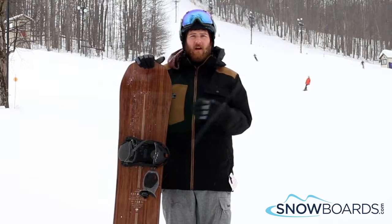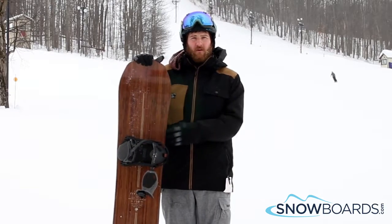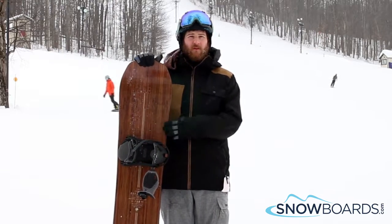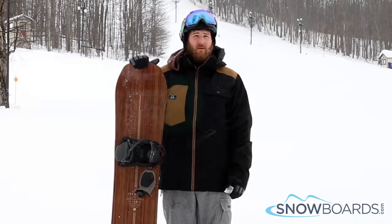The sidecut is great. Short turns, long turns, really can do anything you want. It's a directional twin. This board is so much fun. Really recommend it to any intermediate to really advanced level all-mountain rider.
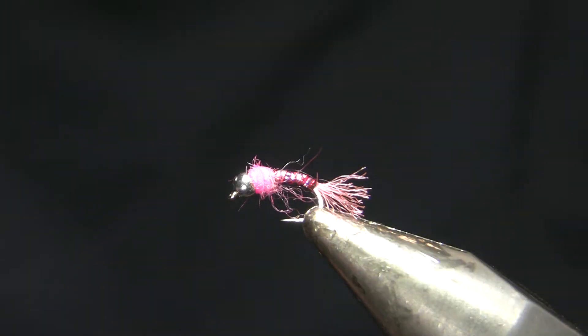Hi, this is Walter Wiese with Yellowstone Country Fly Fishing and Parks Fly Shop with my weekly fly tying video for November 22nd, 2020.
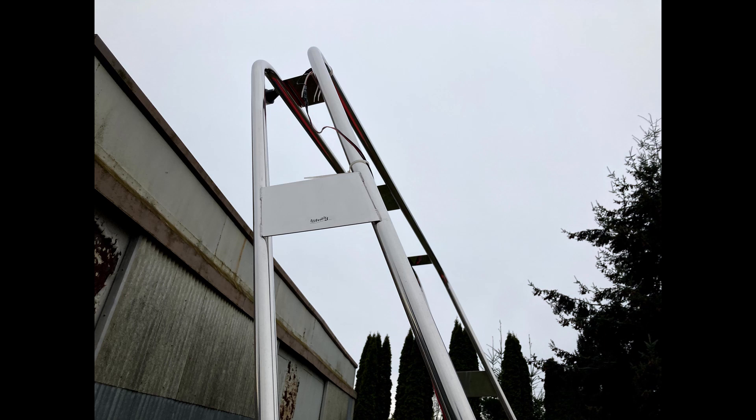Obviously nothing heavy or major like an outboard motor, but rod holders or maybe even a fire extinguisher should not be a problem. I'm planning on mounting rod holders to them, but I'll see how obstructive they are for activities like trolling.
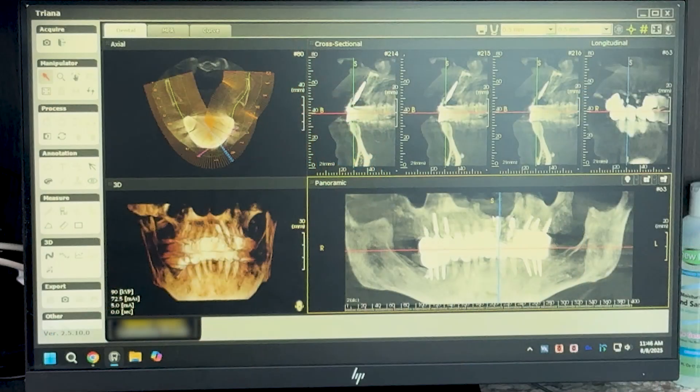Today we placed an implant at site number 10 and an extraction implant at site number 11. We did a 3.75 by 13 mono at site number 11 and a 2.5 by 15 at site number 10. She's going to heal up great — and this was your Monday Morning Minute.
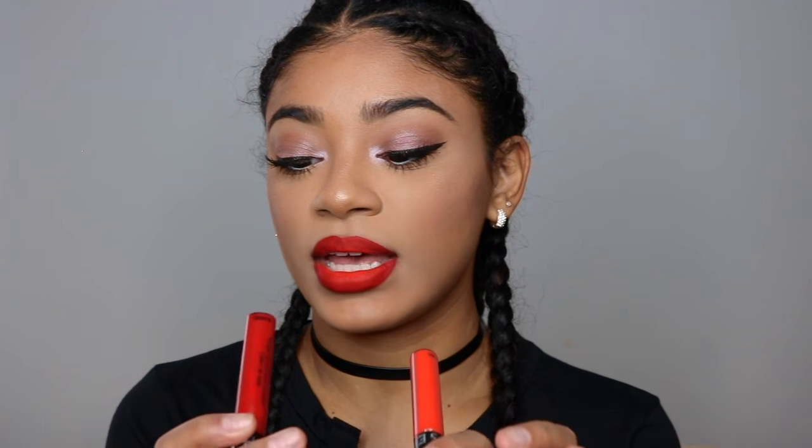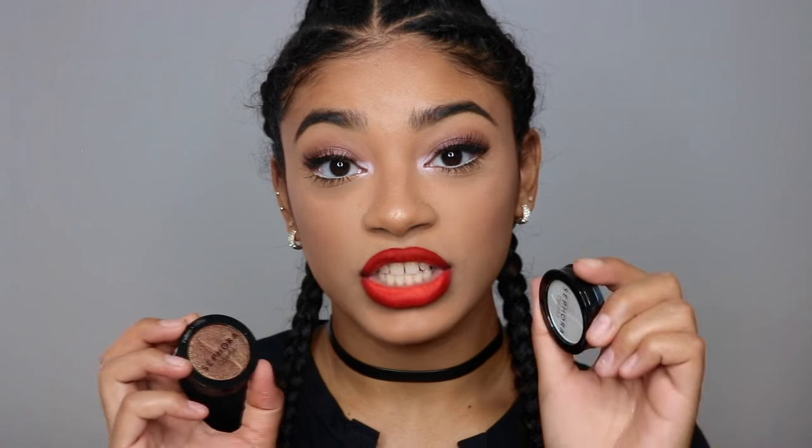Today I made this ombre lip with two of the Sephora Collection cream lip stains in the colors 01 and 10, and it made this pretty ombre lip. I'm going to show you guys how I do this paired with this eye look. I used the Sephora Collection colorful eyeshadows and did a basic shimmery glowy eye to pair with this bold lip. You don't need to go too much on the eyes whenever you have a bright lip on.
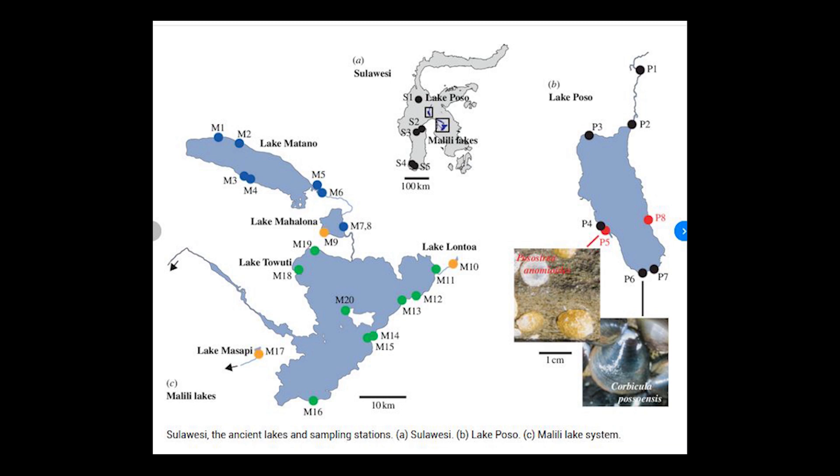From my internet research — links will be provided in the description below — and from my personal experience, I'll be describing their natural habitat's water parameters and my tank's water parameters. The Malili Lake System contains five lakes, but there are three main lakes that hunters gather Sulawesi Shrimps from: Lake Poso, Lake Matano, and Lake Towuti.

+ + + + +

## Required work
If a record holds a picture, leave the picture out, but repeat every line exactly.

## Answer to this problem
The sidecut is great. Short turns, long turns, really can do anything you want. It's a directional twin. This board is so much fun. Really recommend it to any intermediate to really advanced level all-mountain rider.
Hi, this is Walter Wiese with Yellowstone Country Fly Fishing and Parks Fly Shop with my weekly fly tying video for November 22nd, 2020.
Obviously nothing heavy or major like an outboard motor, but rod holders or maybe even a fire extinguisher should not be a problem. I'm planning on mounting rod holders to them, but I'll see how obstructive they are for activities like trolling.
Today we placed an implant at site number 10 and an extraction implant at site number 11. We did a 3.75 by 13 mono at site number 11 and a 2.5 by 15 at site number 10. She's going to heal up great — and this was your Monday Morning Minute.
Today I made this ombre lip with two of the Sephora Collection cream lip stains in the colors 01 and 10, and it made this pretty ombre lip. I'm going to show you guys how I do this paired with this eye look. I used the Sephora Collection colorful eyeshadows and did a basic shimmery glowy eye to pair with this bold lip. You don't need to go too much on the eyes whenever you have a bright lip on.
From my internet research — links will be provided in the description below — and from my personal experience, I'll be describing their natural habitat's water parameters and my tank's water parameters. The Malili Lake System contains five lakes, but there are three main lakes that hunters gather Sulawesi Shrimps from: Lake Poso, Lake Matano, and Lake Towuti.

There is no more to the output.